Quarterly results strongly impacted by very low volumes.
- Revenue down to $313m due to change in perimeter and depressed market conditions
- GGR: after a strong Q4, very low level of multi-client after-sales, weighing on operating margin
- Equipment: sales and margin highly impacted by very low volumes
- Contractual Data Acquisition: a transitional quarter with low but stabilizing marine prices
- EBITDAs1 at $27m
- Operating Income1 at $(81)m
Execution of Transformation Plan well on track
- 3D marine fleet downsized to 5 vessels at the end of Q1, as scheduled
- Good ramp-up of marine multi-client commitments, with 70% of vessel capacity dedicated in Q2 and 60% in Q3
- Operating Cost reduction plan on track
- Capex tightly monitored
- Successful capital increase and French RCF extension completed
Strong cash generation
- Free Cash Flow1 at $118m versus $(20)m last year, mostly driven by positive change in working capital, good execution of the Plan and tight cost management
- Net debt at $2,102m corresponding to a 3.8x leverage ratio, for a year-end net debt targeted below $2.4bn
- Divestment of Multi-Physics Business Line underway
1Figures before Non-Recurring Charges (NRC) related to the Transformation Plan
Commenting on these results, Jean-Georges Malcor, CGG CEO, said:
“As we have already indicated, we have been navigating this quarter in a very depressed market. Our clients are reacting strongly to the prevailing very unfavorable oil prices by continuing to significantly reduce their capital expenditure and headcounts, and this has had a strong impact on our activities. This environment has mostly penalized Sercel and our multi-client after-sales, although the latter had a very good fourth quarter in 2015.

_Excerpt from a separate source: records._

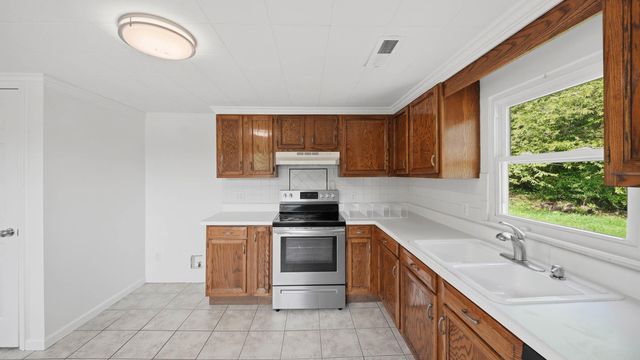 11635 Hixson Pike, Soddy Daisy, TN 37379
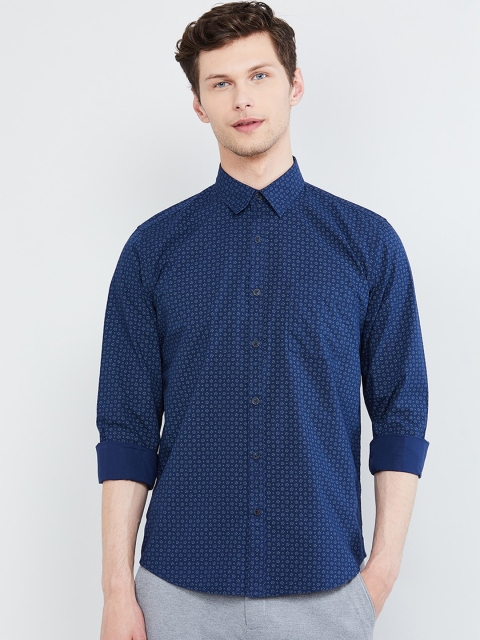 

max Men Blue & White Regular Fit Printed Casual Shirt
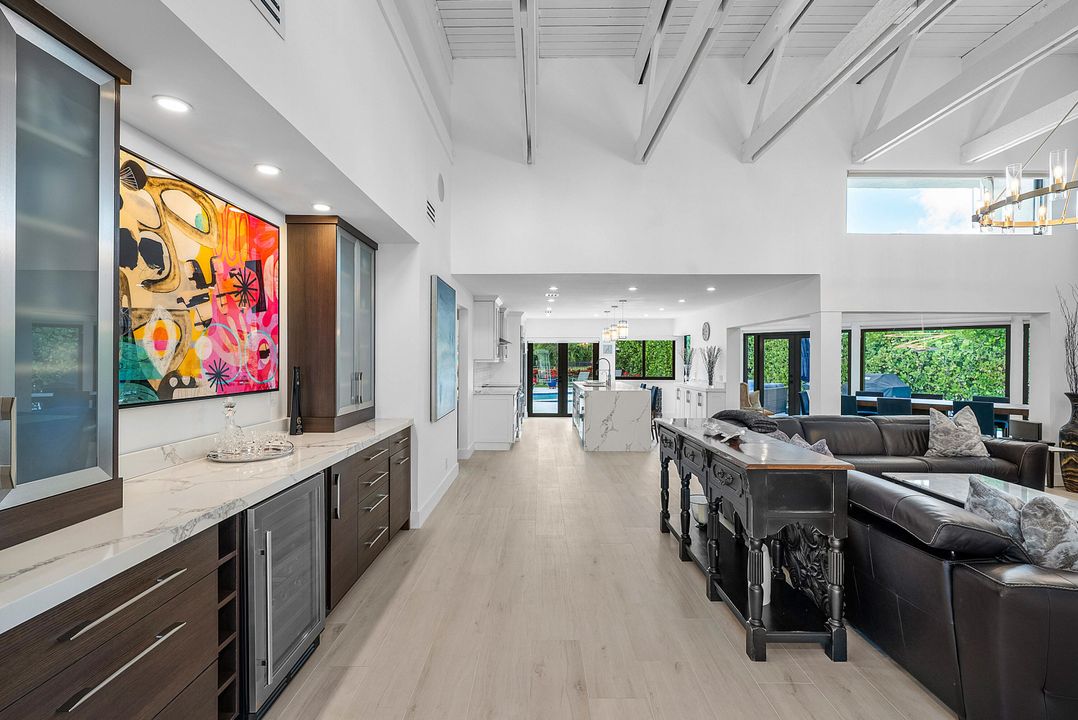 На продажу: $1,995,000 (3 спален, 2 ванн, 2450 Квадратных фут)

In this context, we are staying focused on what is within our control and in particular operational and HSE performance, adaptation of the Group and delivery of our Transformation Plan, tight control of costs and Capex, and stringent cash management. As a result of this and a positive change in working capital this quarter, we were able to post a positive free cash flow, showing a strong improvement compared to the first quarter of 2015.
Our successful 350 million euro capital increase in February 2016 safeguards the Company’s liquidity. It will enable us, as we announced, to finance our Transformation Plan which we are implementing with vigor and determination and put the Group in the best position for when the market bounces back. We recently received the relevant authorizations for our staff reduction plans and our offshore fleet is now operating with five vessels.
While we continue to expect a depressed environment for the whole year, we should fully benefit from our Transformation Plan in the second half. We remain fully committed to refocusing on our high added-value Geoscience activities and actively managing our cash situation and our balance sheet. We confirm that we are aiming to reach a net debt of less than 2.4 billion dollars by the end of 2016.”